READING THESE DOCUMENTS
Parse::Marpa::CONCEPTS should be read before using Marpa, in fact probably before your first careful reading of this document. The "concepts" in it are all practical -- the theoretical discussions went into Parse::Marpa::ALGORITHM. Even experts in Earley parsing will want to skim Parse::Marpa::CONCEPTS because, as one example, the availability of ambiguous lexing has unusual implications for term token.
Parse::Marpa::LANGUAGE documents what is currently Marpa's only high-level interface. Of Marpa's current documents, it is the most tutorial in approach.
THE EASY WAY
- Parse::Marpa::marpa(grammar, text_to_parse, option_hash);
-
The
marpa()
method takes three arguments: a reference to a string containing a Marpa source description of the grammar in one of the high-level interfaces; a reference to a string with the text to be parsed; and (optionally) a reference to a hash with options.In scalar context,
marpa()
returns the value of the first parse if there was one, and undefined if there were no parses. In list context,marpa()
returns a list of references to the values of the parses. This is the empty list if there were no parses.The description referenced by the grammar argument must use one of the high-level Marpa grammar interfaces. Currently the default (and only) high-level grammar interface is the Marpa Demonstration Language.
METHODS FOR FINER CONTROL
- new Parse::Marpa(option => value, [option => value, ...])
-
Parse::Marpa::Parse::new()
takes as its arguments a series of option, value pairs which are treated as a hash. It returns a new grammar object or throws an exception. For valid options see the options section. - new Parse::Marpa::Parse(option => value, [option => value, ...])
-
Parse::Marpa::Parse::new()
takes as its arguments a series of option, value pairs which are treated as a hash. It returns a new parse object or throws an exception. Thegrammar
option must be specified, and its value must be a grammar object with rules defined in it. For valid options see the options section. - Parse::Marpa::Parse::text(parse, text_to_parse)
-
Extends the parse in the parse object using the input text_to_parse, a reference to a string. Returns -1 if the parse is still active after the text_to_parse has been processed. Otherwise the offset of the character where the parse was exhausted is returned. Failures, other than exhausted parses, are thrown as exceptions.

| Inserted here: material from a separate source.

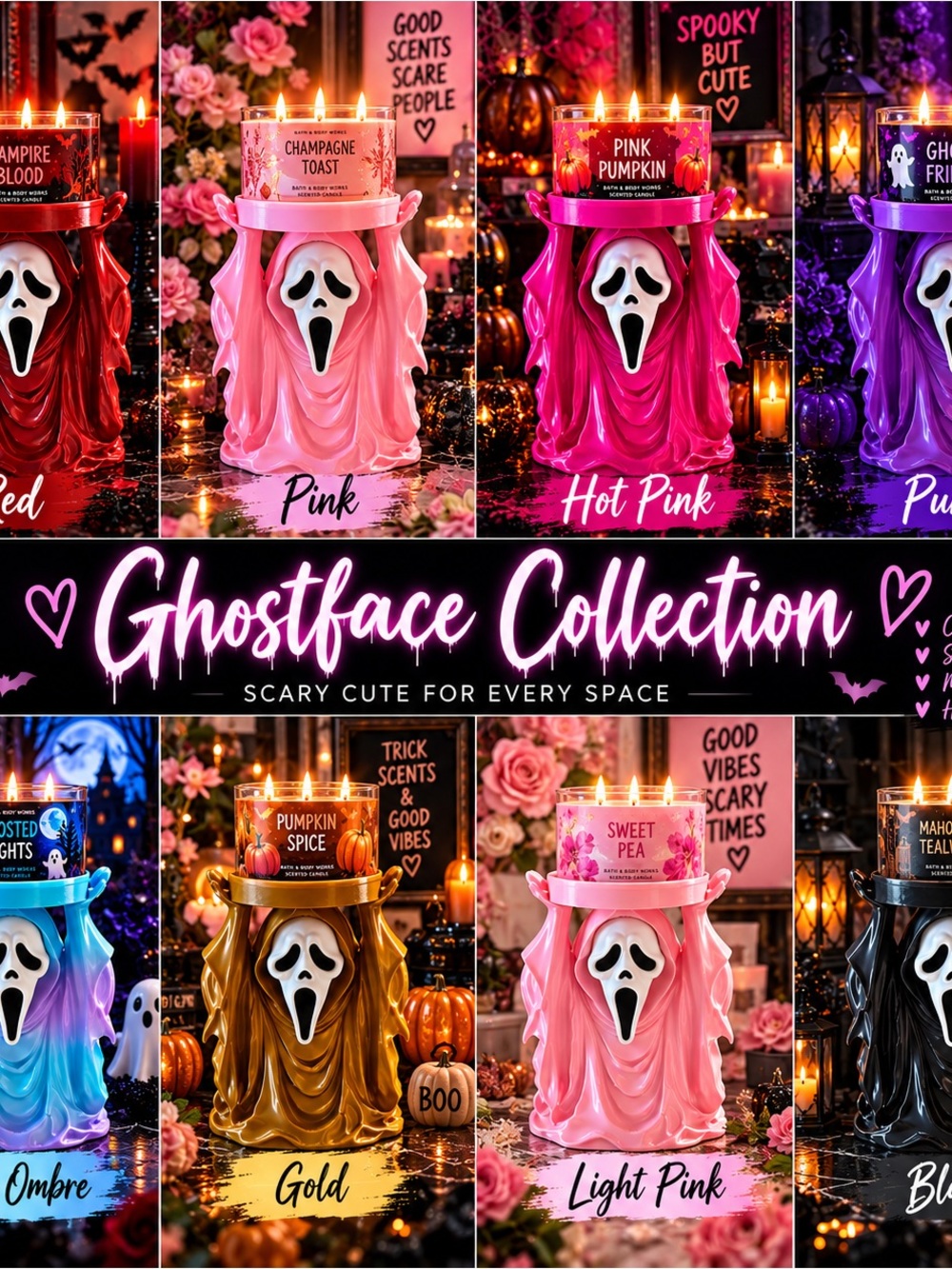 Ghostface Inspired Halloween Candle Holder | BBW 3-Wick | Horror Decor
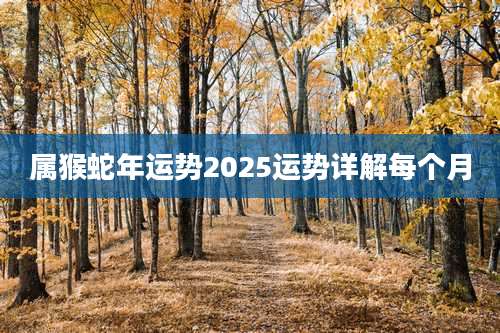 属猴蛇年运势2025运势详解每个月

The text is parsed using the one-earleme-per-character model. Terminals are recognized using the lexers that were specified in the source file or with the raw interface.
The character offset where the parse was exhausted is reported in characters from the start of
text_to_parse
. The first character is at offset zero. This means that a zero return fromtext()

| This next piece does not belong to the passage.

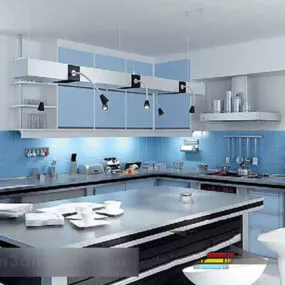 Open Kitchen Style Interior 3d model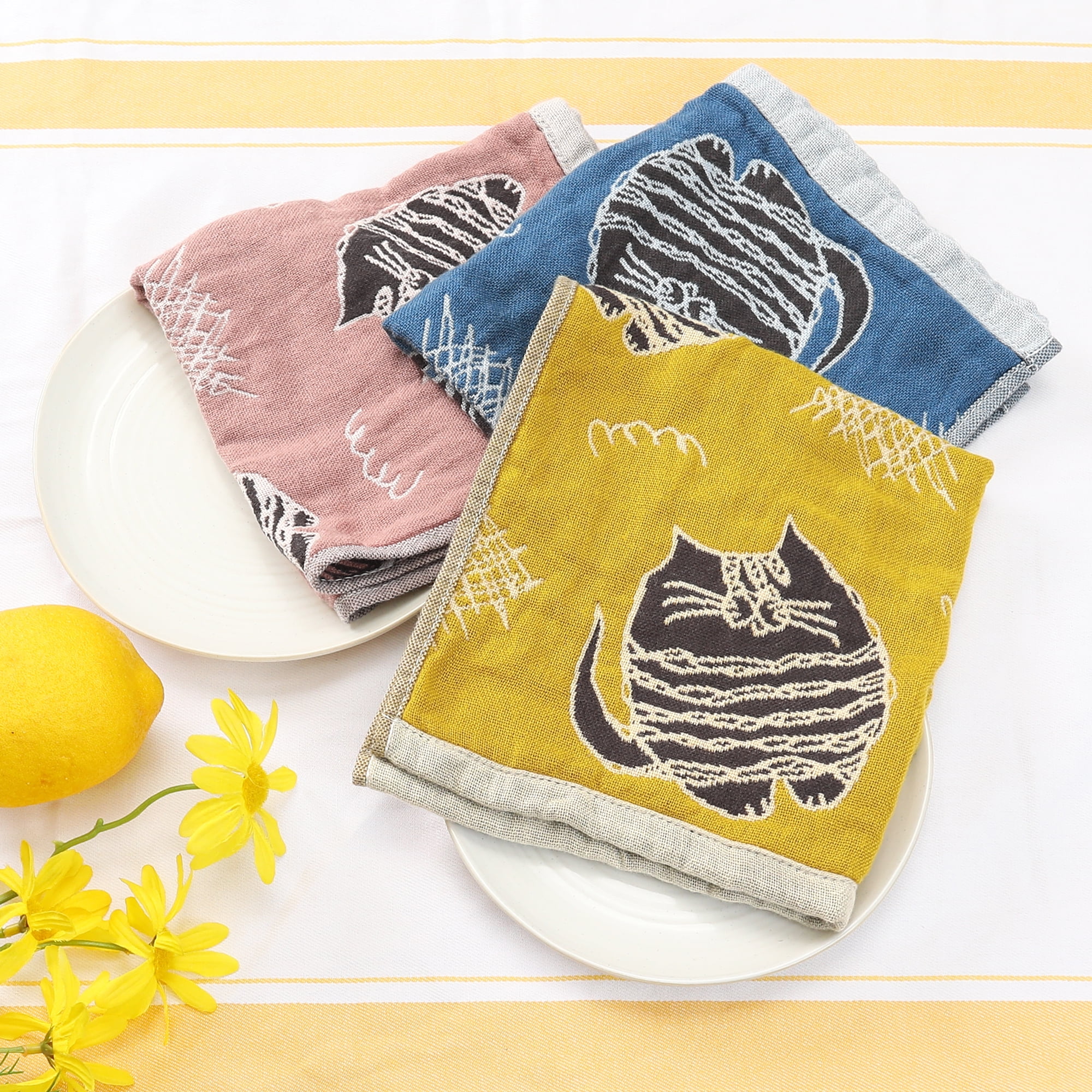 Unique Bargains Kitty Pattern Absorbent with Hanging Loop Kitchen Tea Towels 14"x16" Multicolor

indicates that the parse was exhausted at the first character.A parse is "exhausted" at a point in the input where a successful parse becomes impossible. In most cases, an exhausted parse is a failed parse.
- Parse::Marpa::Parse::earleme(parse, token_list)
-
Extends the parse one earleme using as the input at that earleme, token_list, a reference to a list of token alternatives. Each token alternative is a reference to a three element array. The first element is a "cookie" for the token's symbol, as returned by the
Parse::Marpa::get_symbol()
method. The second element is the token's value in the parse. The third is the token's length in earlemes.Returns 1 on success. Returns 0 if the parse was exhausted at that earleme. Throws an exception on other failures.
This is the low-level token input method, and allows maximum control over the context and form of tokens. No model of the relationship between the input and the earlemes is assumed, and the user is free to invent her own.
- Parse::Marpa::get_symbol(grammar, symbol_name)
-
Given a symbol's raw interface name, returns the symbol's "cookie". Returns undefined if a symbol with that name doesn't exist.
The primary use of symbol cookies is with
Parse::Marpa::Parse::earleme()
. To get the cookie for a symbol using a high-level interface symbol name, see the documentation for the individual high level interface. - Parse::Marpa::Parse::initial(parse, parse_end)
-
Performs the recognition phase of a parse, and initializes the iteration through its values. On successful recognition of a parse,
initial()
returns a value of 1. The user may then get value of the parse withParse::Marpa::Parse::value()
, and may iterate through any other parses withParse::Marpa::Parse::next()
.initial()
returns undefined if it fails to recognize a parse. Other failures are thrown as exceptions.The parse_end argument is optional. If provided, it must be the number of the earleme at which the parse ends. In the case of a still active parse in offline mode, the default is to parse to the end of the input.
initial()
may be run as often as you like on the same parse, with or without changing the arguments toinitial()
. Each call toinitial()
resets the iteration of the parse's values to the beginning.In case of an exhausted parse, the default is to end the parse at the point at which the parse was exhausted. This default isn't very helpful, frankly, and if I think of anything better I'll change it. An exhausted parse is a failed parse unless you're trying advanced wizardry. Failed parses are usually addressed by fixing the grammar or the input.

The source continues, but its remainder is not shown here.